7. Strategic Options
At the next meeting, the management team offered a number of suggestions. a. Khalil Mahmoud Garments' merchandise manager suggested that the factory should only work with fast-fashion brand buyers. Assigning available assembly line operators to such clients would materialize higher profits swiftly. However, the production manager argued that abandoning buyers who order basic tees in larger quantities would destabilize the production cycle, as economy of scales would not be exploited and labor efficiency will remain low for particular styles. Fast-fashion orders fluctuate and can cause idle time on machinery when order sizes get very low. b. Another suggestion made by the production manager was to outsource low-cost orders to local cut-make-trim (CMT) garment organizations. However, poor workplace and social compliance records of local CMT producers could put the company at risk of being penalized by foreign buyers. However, this option has a lot of potential to save costs. c. The manager of HR suggested offering full-time permanent employment opportunities to an optimal number of assembly line operators and providing them with continuous training on the latest operational techniques, quality issues, and workplace and environmental issues. This option was quite expensive; however, successful transformation could attract long-term benefits and strengthen the company's reputation. This option also triggered the idea in Khalil Mahmoud's mind that if he invests in expanding the factory and hiring more permanent employees, Khalil Mahmoud Garments could also start its own brand to serve the local Pakistani market, especially during export slow-down phase.
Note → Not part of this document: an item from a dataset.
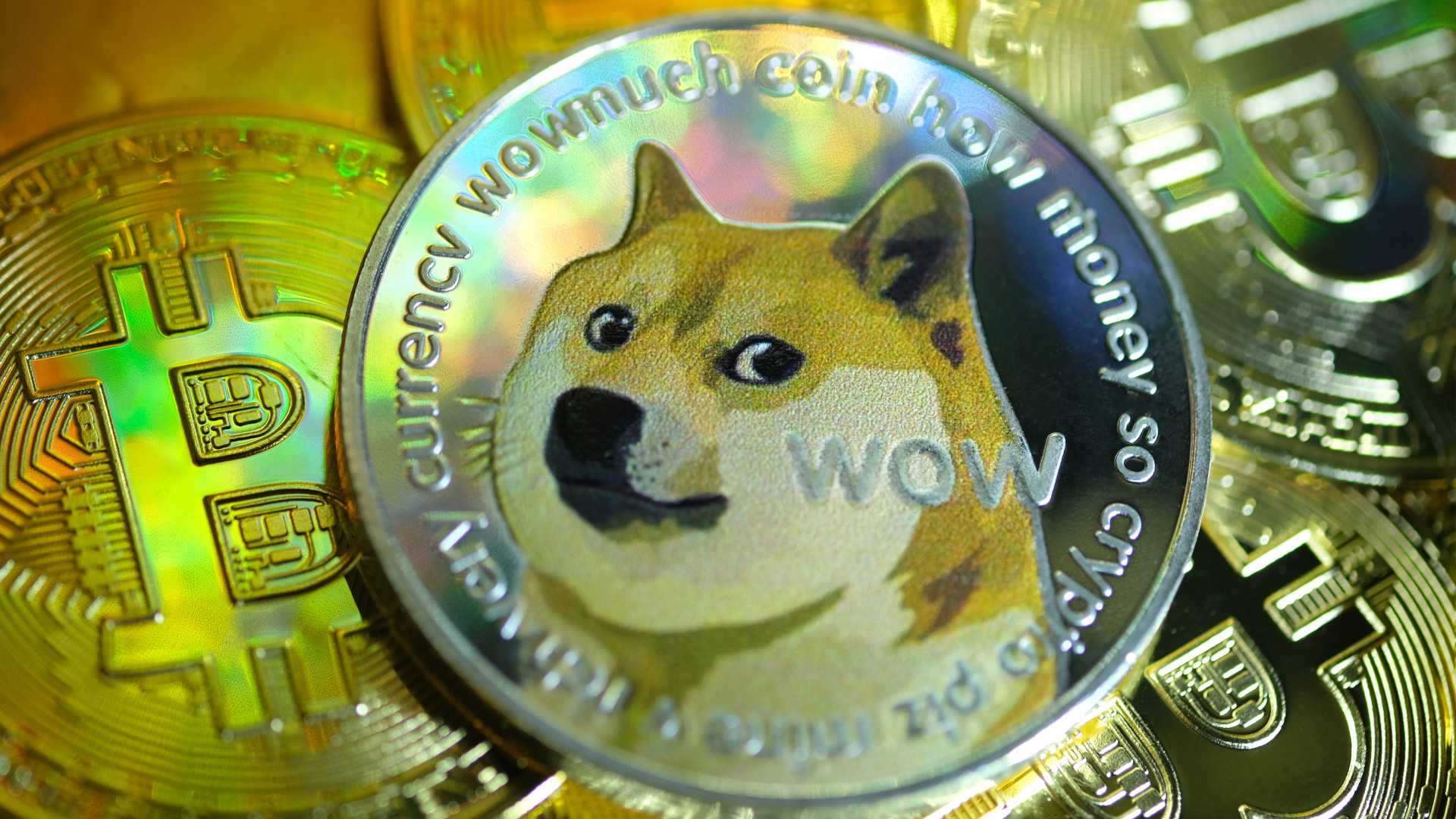 Dogecoin Wallpapers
With competition from China, Bangladesh, Vietnam, India, and Cambodia, Khalil Mahmoud Garments needs to go beyond lean and agile, and adopt and maintain the latest social compliance standards to benefit from ever-increasing garment markets.
Discussion Questions
1. What factors have led Khalil Mahmoud Garments to experience less flexibility in handling more orders?
2. What are the implications of outsourcing production to CMT? What can the company do to mitigate the risks arising from outsourcing?
3. Which market type can help Khalil Mahmoud Garments remain competitive and why: lean, agile, or a combination of the twoleagile?
4. Propose what other possibilities Khalil Mahmoud Garments could incorporate to strengthen its supply position in the competitive market.